Alessandro Corbelli, habituédu rôle de Dandini (nous l’avons notamment entendu à Parisau Palais Garnier aux côtés de Joyce Di Donato), est cettefois Don Magnifico, d’un comique irrésistible et toujours aussibien chantant (il m’a apparu notablement plus fatigué dans le récentCoside Garnier).
Aucune réserve, en revanche, pour la direction d’Edmon Colomer, à elle seule un vrai motif de satisfaction. Convaincante, Jose Maria Lo Monaco tarde à le devenir tant la voix semble d’abord petite et la projection modeste ; mais peu à peu elle se réchauffe et, bien que ni le timbre ni l’agilité ne nous captivent, elle séduit par sa probité et sa musicalité car elle ne cherche ni à enfler ni à noircir sa voix, et mène à bien l’épineux finale, où la virtuosité est l’expression même de la vertu triomphante. On pourra objecter que les nombreux rappels à la fin du spectacle sont un démenti à nos impressions.

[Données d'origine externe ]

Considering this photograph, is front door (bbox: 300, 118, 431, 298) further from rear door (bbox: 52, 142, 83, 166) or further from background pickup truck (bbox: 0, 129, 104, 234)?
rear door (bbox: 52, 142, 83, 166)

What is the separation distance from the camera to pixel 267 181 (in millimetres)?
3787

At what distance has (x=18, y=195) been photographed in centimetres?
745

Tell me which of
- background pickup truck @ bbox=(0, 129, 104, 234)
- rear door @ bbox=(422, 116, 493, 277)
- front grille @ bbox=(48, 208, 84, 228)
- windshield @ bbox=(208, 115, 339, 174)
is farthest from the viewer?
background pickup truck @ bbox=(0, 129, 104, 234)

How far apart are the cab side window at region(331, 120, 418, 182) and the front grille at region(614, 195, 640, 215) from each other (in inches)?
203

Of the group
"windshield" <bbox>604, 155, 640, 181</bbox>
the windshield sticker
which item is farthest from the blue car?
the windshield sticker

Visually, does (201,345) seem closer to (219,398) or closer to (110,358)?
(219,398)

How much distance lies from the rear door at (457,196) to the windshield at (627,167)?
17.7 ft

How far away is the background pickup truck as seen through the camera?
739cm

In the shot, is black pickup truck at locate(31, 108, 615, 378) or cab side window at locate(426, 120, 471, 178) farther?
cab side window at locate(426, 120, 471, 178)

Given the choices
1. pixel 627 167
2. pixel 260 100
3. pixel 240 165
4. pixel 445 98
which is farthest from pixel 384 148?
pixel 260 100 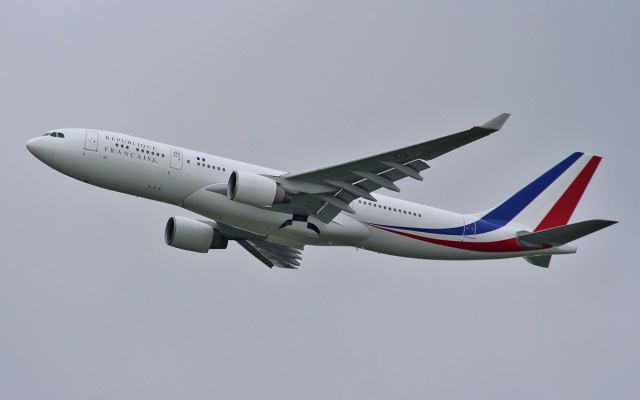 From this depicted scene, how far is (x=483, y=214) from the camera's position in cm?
4569

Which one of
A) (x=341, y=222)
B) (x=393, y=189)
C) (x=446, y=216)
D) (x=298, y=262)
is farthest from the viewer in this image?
(x=298, y=262)

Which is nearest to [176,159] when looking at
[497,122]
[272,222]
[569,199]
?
[272,222]

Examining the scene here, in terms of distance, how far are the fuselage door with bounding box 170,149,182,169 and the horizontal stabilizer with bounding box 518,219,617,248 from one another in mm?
16360

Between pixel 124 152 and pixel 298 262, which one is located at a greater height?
pixel 124 152

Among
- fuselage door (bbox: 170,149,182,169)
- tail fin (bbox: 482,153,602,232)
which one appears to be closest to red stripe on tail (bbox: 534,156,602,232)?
tail fin (bbox: 482,153,602,232)

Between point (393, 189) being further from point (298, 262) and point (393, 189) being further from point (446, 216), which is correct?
point (298, 262)

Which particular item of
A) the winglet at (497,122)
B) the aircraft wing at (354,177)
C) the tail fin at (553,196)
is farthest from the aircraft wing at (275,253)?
the winglet at (497,122)

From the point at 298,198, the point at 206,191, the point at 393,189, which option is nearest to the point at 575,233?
the point at 393,189

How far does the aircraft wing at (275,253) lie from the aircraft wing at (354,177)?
6.72 meters

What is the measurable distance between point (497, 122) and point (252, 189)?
35.2 feet

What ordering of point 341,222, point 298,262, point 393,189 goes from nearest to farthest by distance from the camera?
point 393,189 → point 341,222 → point 298,262

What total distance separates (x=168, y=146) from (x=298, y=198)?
5.79 metres

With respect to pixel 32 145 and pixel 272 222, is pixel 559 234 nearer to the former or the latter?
pixel 272 222

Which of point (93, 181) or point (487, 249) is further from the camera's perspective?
point (487, 249) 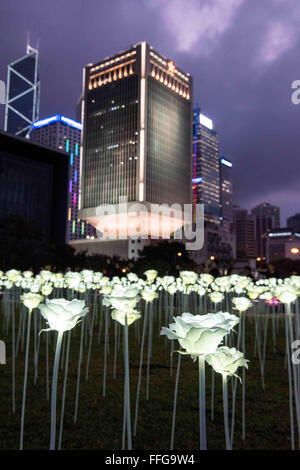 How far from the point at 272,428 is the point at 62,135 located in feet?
445

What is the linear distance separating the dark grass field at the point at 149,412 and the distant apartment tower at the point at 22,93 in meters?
165

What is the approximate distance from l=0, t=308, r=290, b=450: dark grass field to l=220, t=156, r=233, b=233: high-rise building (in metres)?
165

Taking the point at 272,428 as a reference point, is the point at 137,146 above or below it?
above

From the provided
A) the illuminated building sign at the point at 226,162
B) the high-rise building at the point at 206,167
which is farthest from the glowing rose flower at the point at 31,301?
the illuminated building sign at the point at 226,162

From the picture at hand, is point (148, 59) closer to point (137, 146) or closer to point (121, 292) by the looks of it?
point (137, 146)

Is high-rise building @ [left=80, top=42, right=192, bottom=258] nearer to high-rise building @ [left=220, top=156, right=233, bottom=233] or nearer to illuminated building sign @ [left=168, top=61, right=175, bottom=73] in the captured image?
illuminated building sign @ [left=168, top=61, right=175, bottom=73]

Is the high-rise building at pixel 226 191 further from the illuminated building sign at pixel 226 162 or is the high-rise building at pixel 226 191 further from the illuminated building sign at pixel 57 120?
the illuminated building sign at pixel 57 120

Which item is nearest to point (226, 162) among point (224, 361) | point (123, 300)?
point (123, 300)

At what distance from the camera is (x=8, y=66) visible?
17700 cm

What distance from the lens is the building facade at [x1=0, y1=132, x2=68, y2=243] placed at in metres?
62.2

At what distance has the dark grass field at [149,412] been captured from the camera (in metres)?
2.96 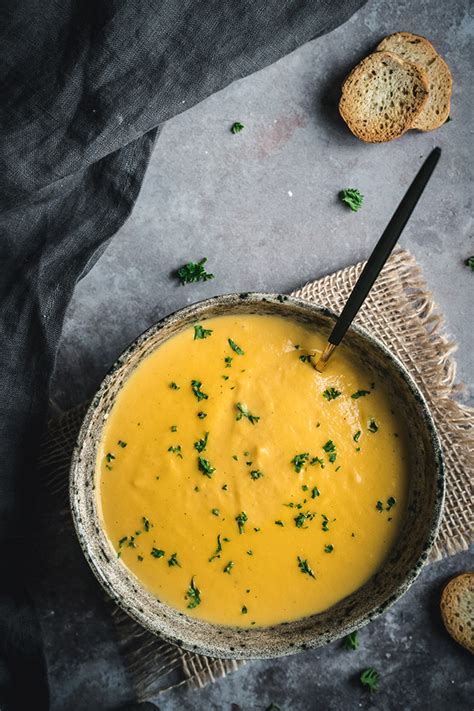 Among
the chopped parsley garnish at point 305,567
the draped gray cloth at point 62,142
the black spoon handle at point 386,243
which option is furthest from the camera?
the chopped parsley garnish at point 305,567

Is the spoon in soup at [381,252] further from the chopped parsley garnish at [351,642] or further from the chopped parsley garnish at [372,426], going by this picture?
the chopped parsley garnish at [351,642]

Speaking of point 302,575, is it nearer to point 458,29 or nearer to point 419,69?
point 419,69

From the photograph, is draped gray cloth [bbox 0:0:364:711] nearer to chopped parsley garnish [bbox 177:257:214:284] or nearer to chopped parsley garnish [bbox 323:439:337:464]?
chopped parsley garnish [bbox 177:257:214:284]

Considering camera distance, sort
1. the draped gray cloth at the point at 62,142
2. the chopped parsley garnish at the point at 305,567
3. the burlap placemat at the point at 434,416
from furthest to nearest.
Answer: the burlap placemat at the point at 434,416 < the chopped parsley garnish at the point at 305,567 < the draped gray cloth at the point at 62,142

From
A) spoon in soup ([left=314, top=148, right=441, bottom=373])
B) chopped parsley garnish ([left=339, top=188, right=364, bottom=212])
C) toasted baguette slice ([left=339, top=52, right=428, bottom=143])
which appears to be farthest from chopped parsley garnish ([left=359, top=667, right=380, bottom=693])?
toasted baguette slice ([left=339, top=52, right=428, bottom=143])

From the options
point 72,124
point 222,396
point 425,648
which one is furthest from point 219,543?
point 72,124

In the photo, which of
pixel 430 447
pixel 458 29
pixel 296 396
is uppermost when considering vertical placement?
pixel 458 29

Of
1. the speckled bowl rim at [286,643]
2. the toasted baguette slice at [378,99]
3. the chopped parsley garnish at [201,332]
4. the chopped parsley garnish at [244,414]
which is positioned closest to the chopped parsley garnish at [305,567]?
the speckled bowl rim at [286,643]

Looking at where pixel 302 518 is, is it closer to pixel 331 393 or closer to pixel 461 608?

Cette architecture, Alberto Zedda la voyait comme un des témoignages les plus indiscutables du génie du compositeur qui, a 25 ans, maîtrise magistralement les tempi, les suspendant ou les accélérant selon les situations, avec une économie de moyens qui ébahit tant elle produit d’effets sur l’auditeur. Leur duo, faut-il le redire, est d’une drôlerie totalement séduisante. Si nous avons manqué son premier air, où sans s’en rendre compte le personnage expose sa balourdise satisfaite, celui du deuxième acte comble parce que la diction est parfaite, le chant syllabé est d’une clarté impeccable, la rapidité labiale intacte et la composition scénique toujours aussi impressionnante, d’une expressivité efficace qui évite les surcharges. La voix sonne bien, sans excès de puissance, mais est-elle la basse noble que nous aimons ? Ni déhanchements ni désordre, mais un mouvement collectif comme on pourrait en voir dans une revue qui s’accorde à la situation, une belle contribution au spectacle.
Mais ces options, si elles nous semblent inutiles car étrangères à l’œuvre conçue par Ferretti et Rossini, ne sont pas profondément nuisibles. De même Alidoro est souvent une présence muette mais non moins agissante, flanqué d’une fillette probablement rescapée de l’adaptation initiale, qu’il semble initier par l’exemple à l’usage des pouvoirs magiques dont ses mains semblent pourvues. Ces évolutions, pour gracieuses qu’elles soient, distraient https://www.themoviedb.org/u/hazcasino de l’écoute musicale, en particulier dans la scène de l’orage – illuminée par Vladi Spigarolo – où les danseuses qui ploient sous les éléments déchaînés interviennent dans la salle. En adulte, on peut regretter le choix de la référence esthétique, la Cinderella de Walt Disney, dont la dernière image du Prince enlaçant Cendrillon est presque une citation, regretter aussi les apparitions de créatures féminines censées être des fées, qui réintroduisent la magie que le librettiste avait éliminée. La production, qui vient de Florence, est née d’un spectacle participatif, une adaptation conçue en 2017 pour des enfants qui en étaient à la fois les figurants, les choristes et les spectateurs.
Markenrezepte Bei Chefkoch
Cette évolution , l’interprète semble l’avoir parfaitement comprise et sa sûreté technique lui permet de faire flamboyer l’éblouissant final belcantiste que Rossini, parachevant ainsi l’architecture de l’œuvre, a conçu pour le triomphe d’ Angelina. Angelina, après Rome, Bâle et avant Paris, est Vasilisa Berzhanskaya, dont les lyricomanes connaissent désormais la richesse vocale qui lui permet de mettre à son répertoire aussi bien des rôles de soprano que des rôles de contralto. En tout cas sa tenue de scène a l’élégance physique qu’on associe à l’élégance morale du personnage.